Activity —
Print the data exactly. Omit the pictures.

Given data —

┄┄┄┄┄┄┄┄┄┄┄┄┄┄┄┄┄┄┄┄

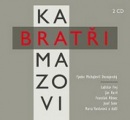 Bratři Karamazovi (audiokniha) (Jan Hartl, Ladislav Frej, František Němec, Fjodor Michajlovič Dostojevskij)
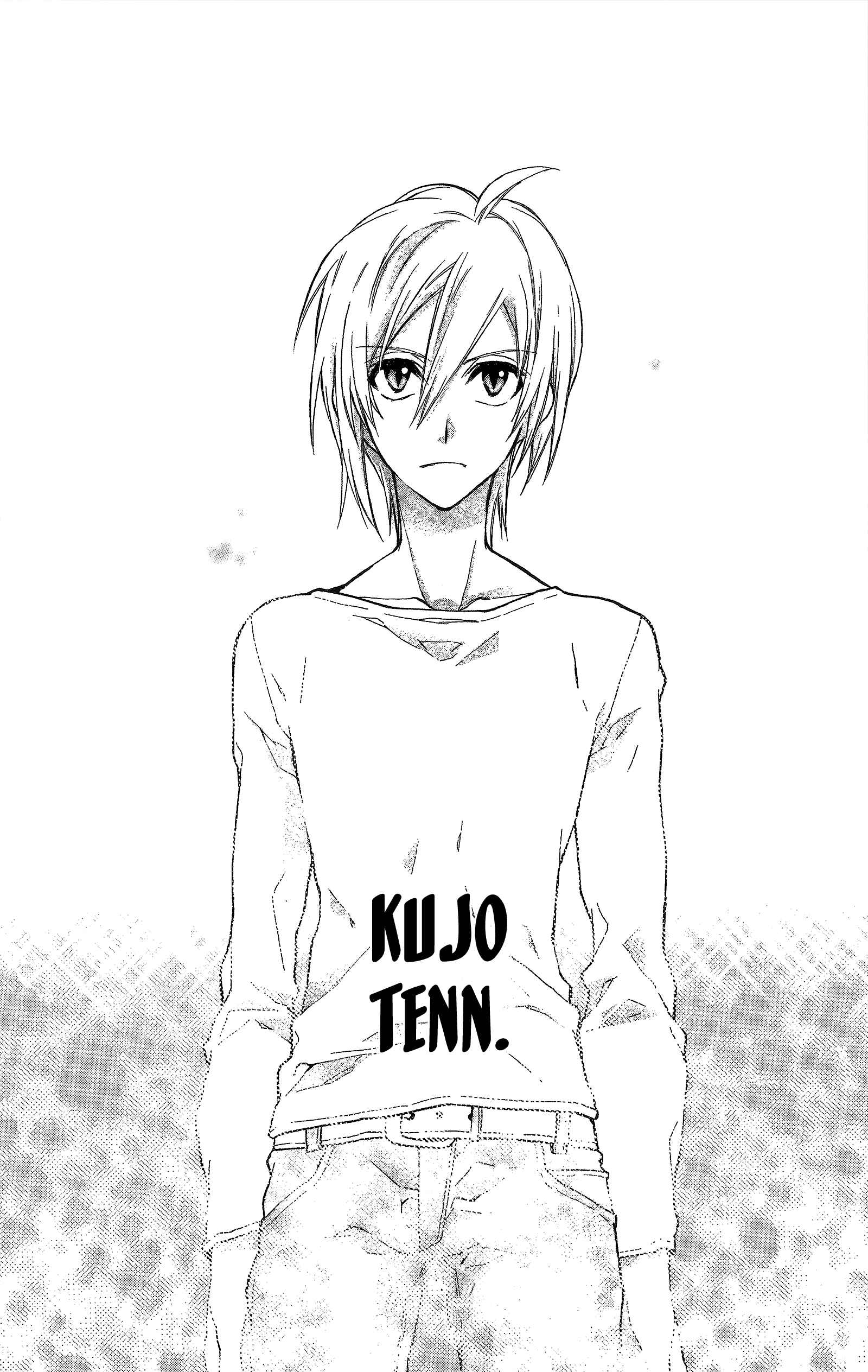 IDOLiSH7 TRIGGER -before The Radiant Glory- Chapter 1 - Page 43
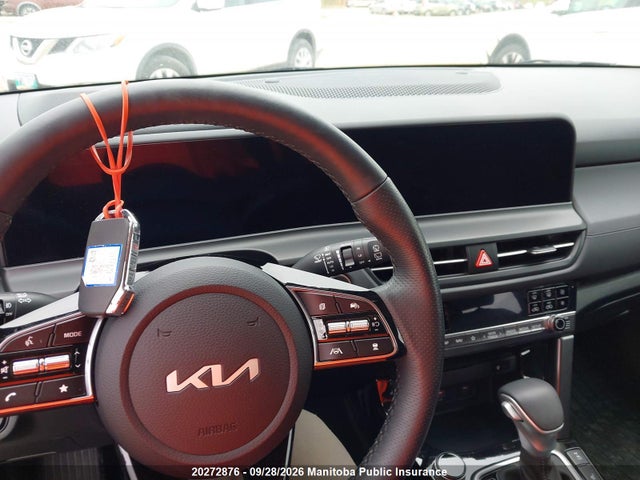 Продажа на аукционе авто 2026 Kia Seltos Sx Turbo, vin: KNDETCA73T7942226, номер лота: 20272876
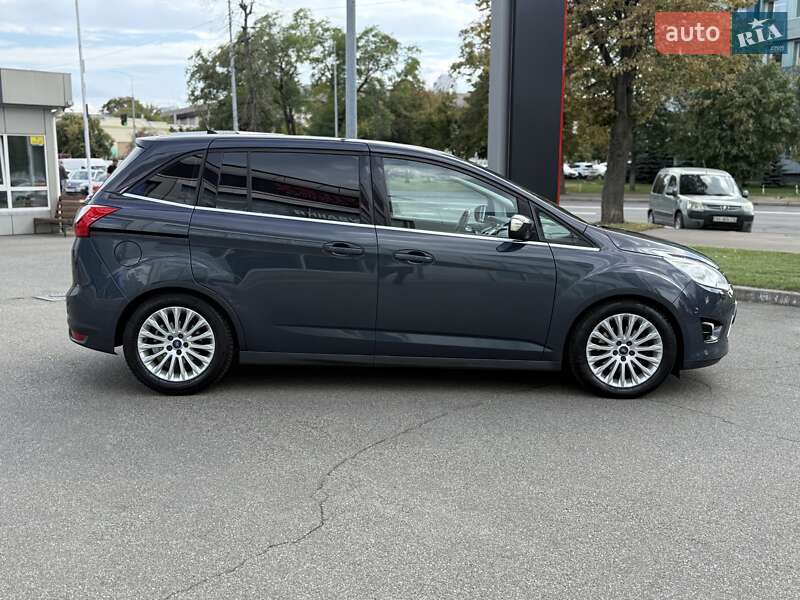 Мінівен Ford C-Max 2013 в Києві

┄┄┄┄┄┄┄┄┄┄┄┄┄┄┄┄┄┄┄┄

Answer section —
 Bratři Karamazovi (audiokniha) (Jan Hartl, Ladislav Frej, František Němec, Fjodor Michajlovič Dostojevskij)
 IDOLiSH7 TRIGGER -before The Radiant Glory- Chapter 1 - Page 43
 Продажа на аукционе авто 2026 Kia Seltos Sx Turbo, vin: KNDETCA73T7942226, номер лота: 20272876
 Мінівен Ford C-Max 2013 в Києві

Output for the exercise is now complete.